Overall than this has been a difficult period for the group. Profits were down, the operating cash flow deteriorated with no free cash being generated, although next year capex seems like it’s going to reduce. Net assets did improve, however. There was a lot of disruption from the investments being made but the real issue is a declining market due to uncertainty over Brexit, weakening Sterling and the issues surrounding diesel emissions. Profits in used cars and aftersales offset the decline in new car profits and the volume declines were offset by increases in unit profits due to an improving mix.
One issue that I am concerned about is that the reduction in new car sales will at some point have a knock on effect on aftersales as less people have purchased cars and the debt levels are creeping up. Still, this is potentially priced in with a forward PE of 7.4 and yield of 1.8%. This is a tricky one, it could be an interesting value play but obviously not without risks as mentioned above.
On the 6th March the group released a trading update covering the first five months of the year which was ahead of the same period last year, both on a total and like for like basis.
During the period the new car market has been significantly affected by a number of factors including the impact of the changes in the emissions testing regime and the negative impact of the weak sterling position on the imported price of the cars which has led to price increases for many manufacturers. In the period, the total new car market was down just over 10%. The diesel segment of the market was worst hit, down 30%.

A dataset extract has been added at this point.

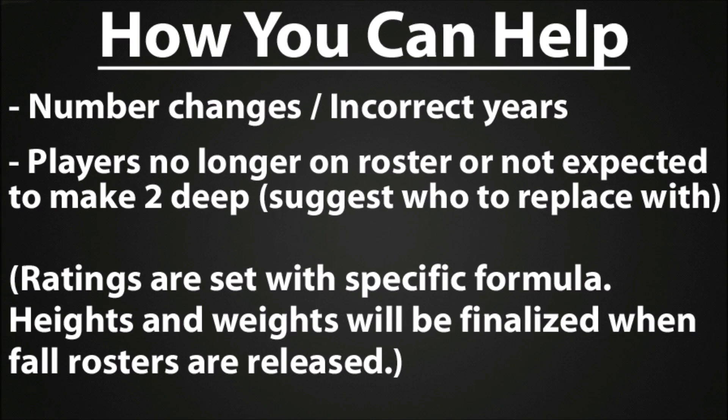Some of these rosters we started doing before even the spring rosters had been released, so some of the freshmen didn't have numbers yet and we're going to go back and do those later. Maybe some players changed their numbers, or maybe a guy got redshirted last year and we missed that — we've got him as a senior when he's actually a redshirt junior or something along those lines. So if you see any of that, you can help us out.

Supply side market influences have contributed to a reduction in the group’s new vehicle sales, although this was partly offset by improved gross profit per unit in the like for like businesses and fully offset by the improved gross profit per unit across the total group as a result of the stronger mix from the new Bentley, Lamborghini and McLaren outlets. New vehicle unit sales for the period were down 23% (like for like 20%) although he prior year comparative included a low margin commercial vehicle deal which has not been repeated. The sales of new retail cars to private purchasers was down 16% (like for like 11%).
Used vehicle sales continued to perform well. Total used unit sales were down 11% (like for like 4%) but this unit reduction was offset by an improvement in the gross profit per unit. The significant changes to the franchise portfolio mix and closure of the Blackburn site in the prior year had a material impact on sales volumes but as a result of the improved profit per unit, both the total and like for like profit from the business improved year on year.
The group’s aftersales operations delivered a good performance with revenue increasing by 7% (like for like 3%), gross profit up 4% (like for like 2%) and aftersales contribution up 10% (like for like 7%).
Going forward, whilst challenges remain given the ongoing uncertainty around Brexit and the terms of the UK’s departure from the EU, the group’s ongoing franchising development activities have enhanced their dealership portfolio mix and the changed made in the prior year have further benefited the group. These new businesses are still in their infancy, but have exciting potential.